_Try it_: Scan the records below for the string "with" and return every line where it appears.

_Exercise material_:
------
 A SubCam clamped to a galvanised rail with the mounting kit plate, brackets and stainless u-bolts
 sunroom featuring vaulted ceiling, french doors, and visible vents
------
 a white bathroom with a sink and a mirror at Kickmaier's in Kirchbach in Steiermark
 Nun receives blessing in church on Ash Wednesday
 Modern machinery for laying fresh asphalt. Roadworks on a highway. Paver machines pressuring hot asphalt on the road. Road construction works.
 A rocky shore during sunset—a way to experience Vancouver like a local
------
_Solution for this problem_:
 A SubCam clamped to a galvanised rail with the mounting kit plate, brackets and stainless u-bolts
 a white bathroom with a sink and a mirror at Kickmaier's in Kirchbach in Steiermark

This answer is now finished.